(Supplied records Opens)
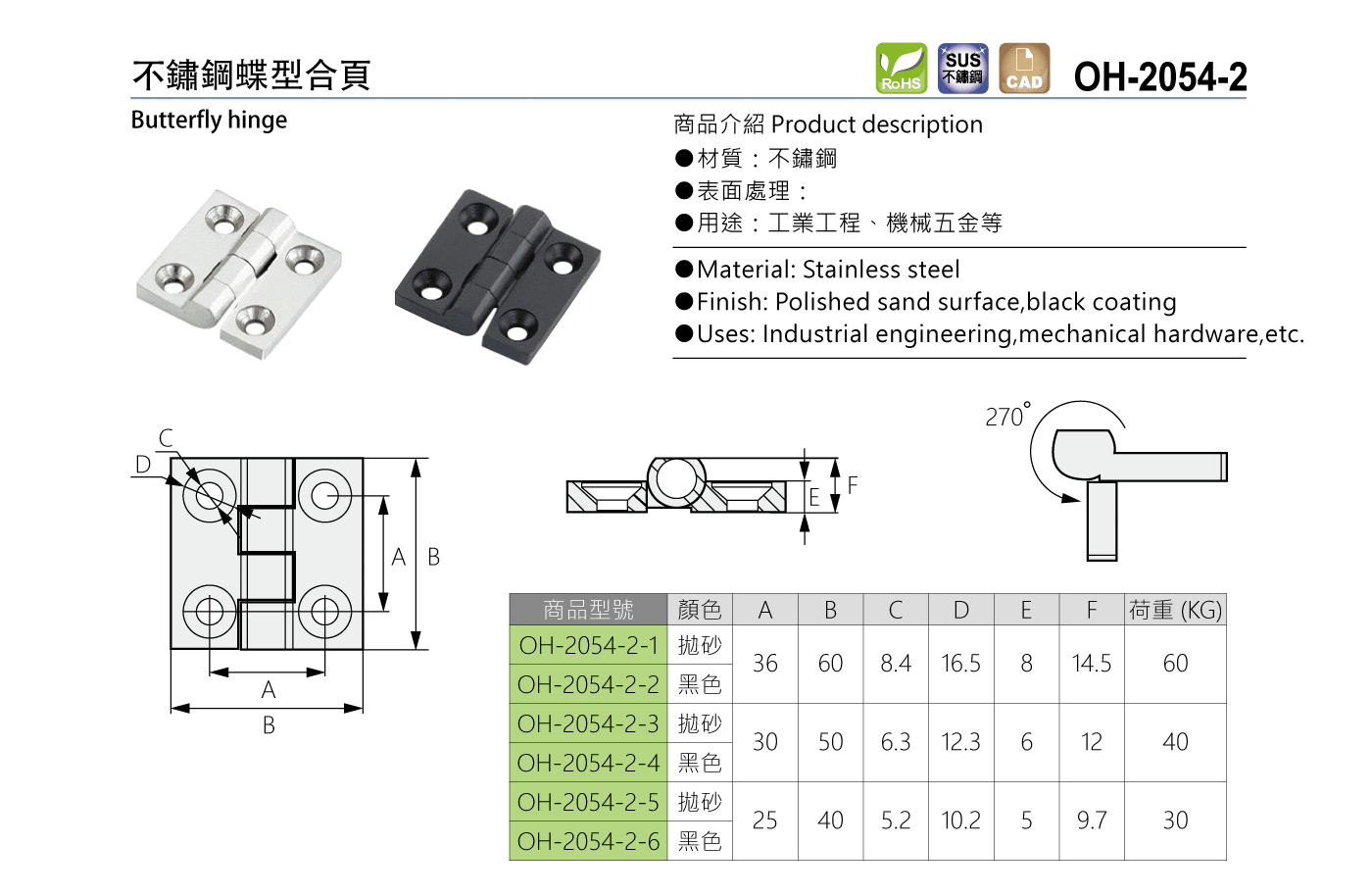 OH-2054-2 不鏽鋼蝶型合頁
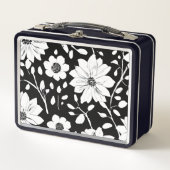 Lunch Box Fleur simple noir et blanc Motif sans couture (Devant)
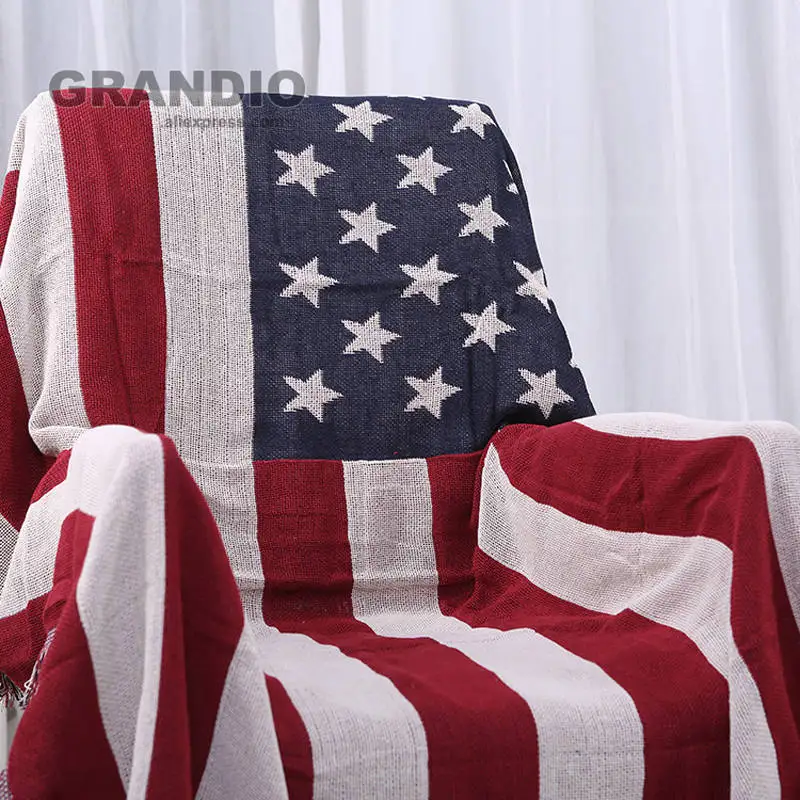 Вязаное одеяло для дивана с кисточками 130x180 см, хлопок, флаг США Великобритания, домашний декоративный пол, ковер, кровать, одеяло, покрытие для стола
(Supplied records Closes)
(Supplied records Opens)
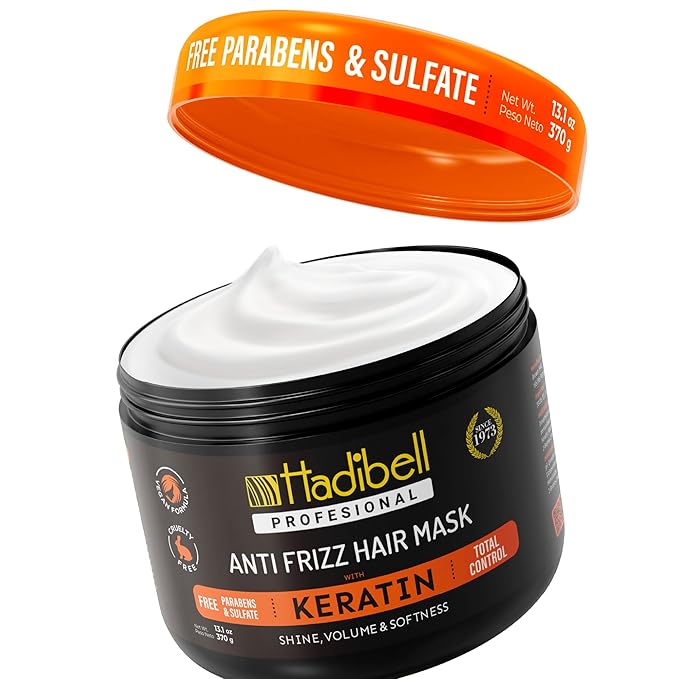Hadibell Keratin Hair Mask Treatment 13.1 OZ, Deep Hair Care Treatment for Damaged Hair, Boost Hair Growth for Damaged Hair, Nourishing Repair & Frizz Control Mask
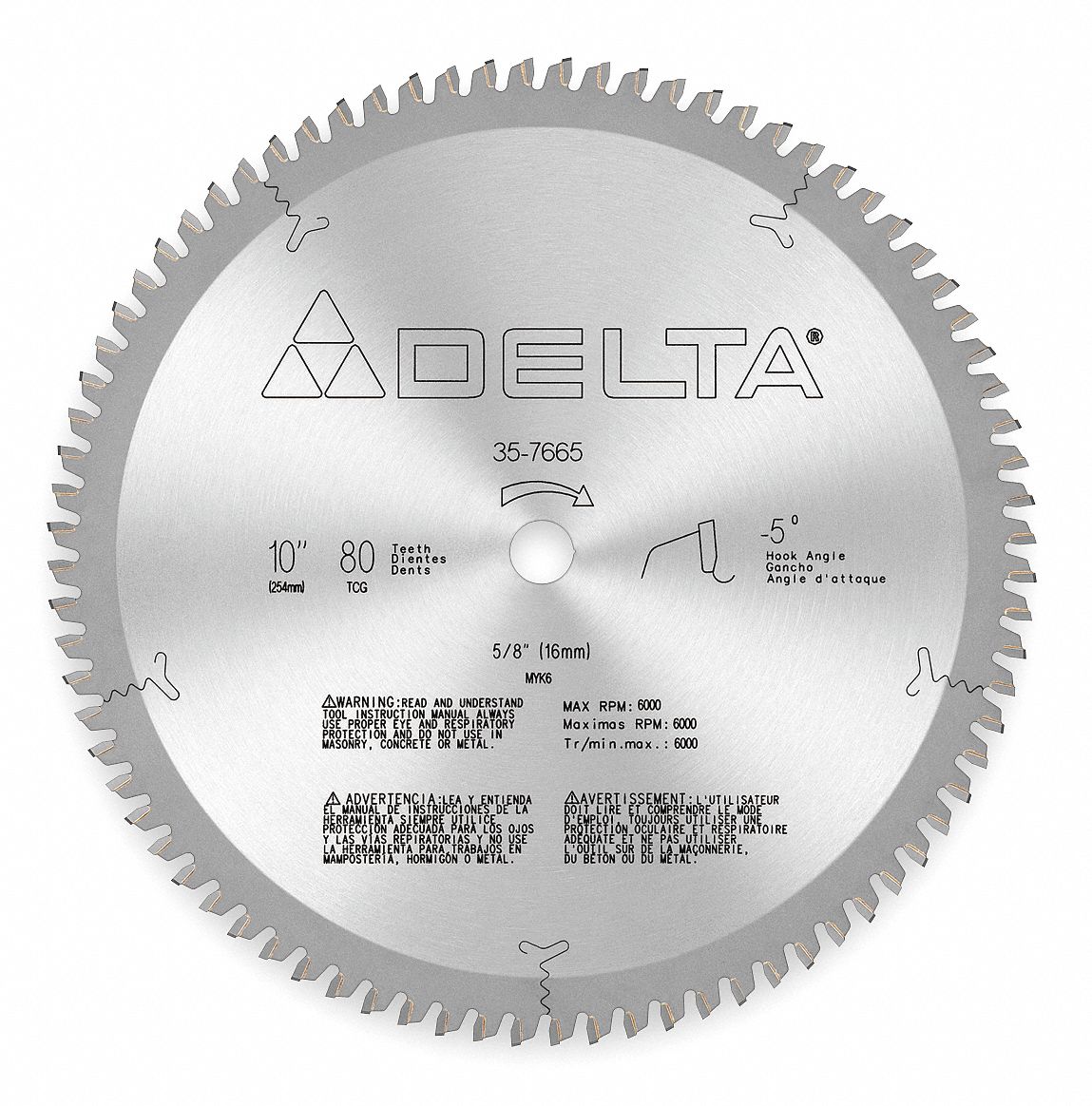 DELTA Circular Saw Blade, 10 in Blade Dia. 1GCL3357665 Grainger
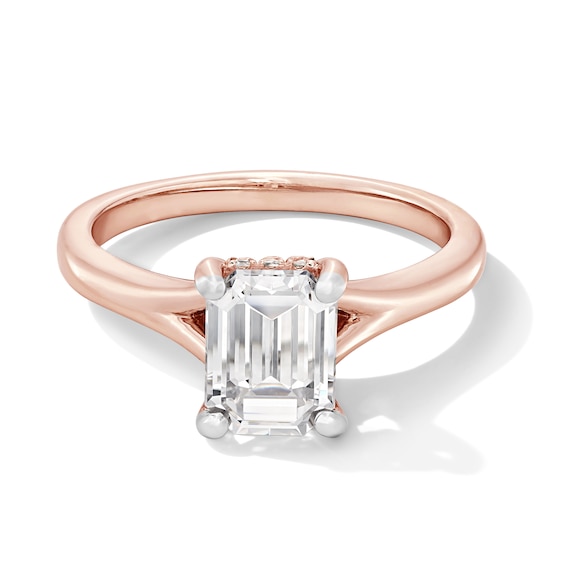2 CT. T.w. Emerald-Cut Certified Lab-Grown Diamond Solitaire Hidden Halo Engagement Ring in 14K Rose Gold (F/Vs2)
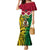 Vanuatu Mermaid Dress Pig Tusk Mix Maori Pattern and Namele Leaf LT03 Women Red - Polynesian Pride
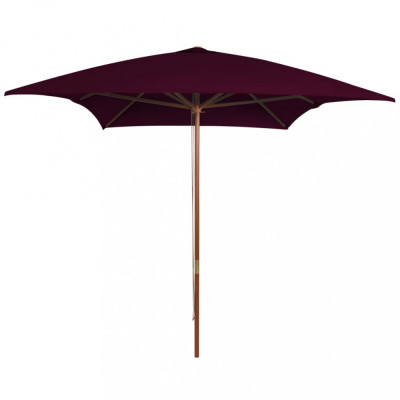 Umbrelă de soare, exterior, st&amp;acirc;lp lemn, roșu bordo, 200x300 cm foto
(Supplied records Closes)
(Supplied records Opens)
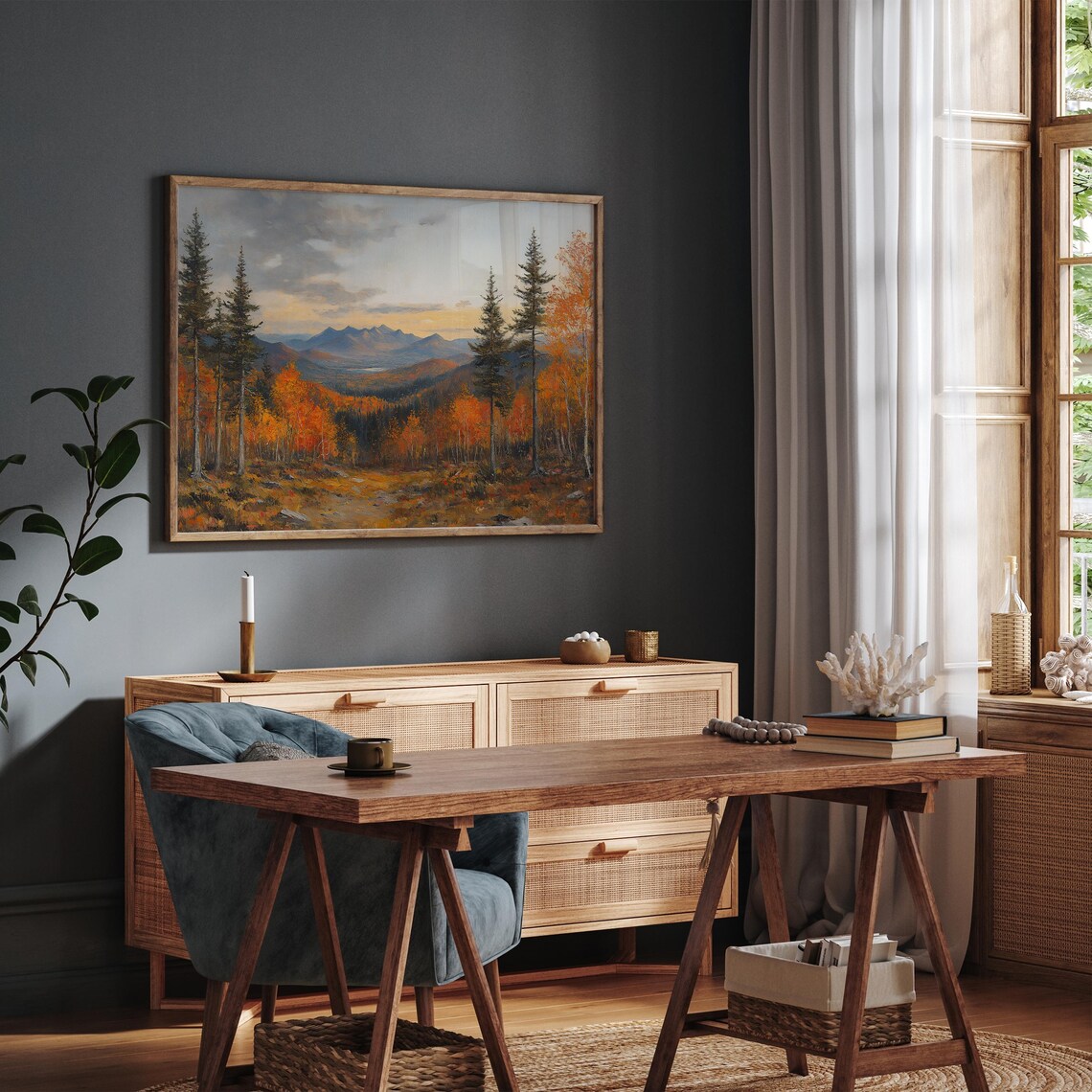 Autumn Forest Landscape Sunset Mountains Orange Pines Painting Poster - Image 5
(Supplied records Closes)
Description of the task:
Having found the line with "Hadibell Keratin Hair" and the line with "Vanuatu Mermaid Dress" in the material above, write out exactly those two and every line between, leaving the pictures out.

Final answer:
Hadibell Keratin Hair Mask Treatment 13.1 OZ, Deep Hair Care Treatment for Damaged Hair, Boost Hair Growth for Damaged Hair, Nourishing Repair & Frizz Control Mask
 DELTA Circular Saw Blade, 10 in Blade Dia. 1GCL3357665 Grainger
2 CT. T.w. Emerald-Cut Certified Lab-Grown Diamond Solitaire Hidden Halo Engagement Ring in 14K Rose Gold (F/Vs2)
 Vanuatu Mermaid Dress Pig Tusk Mix Maori Pattern and Namele Leaf LT03 Women Red - Polynesian Pride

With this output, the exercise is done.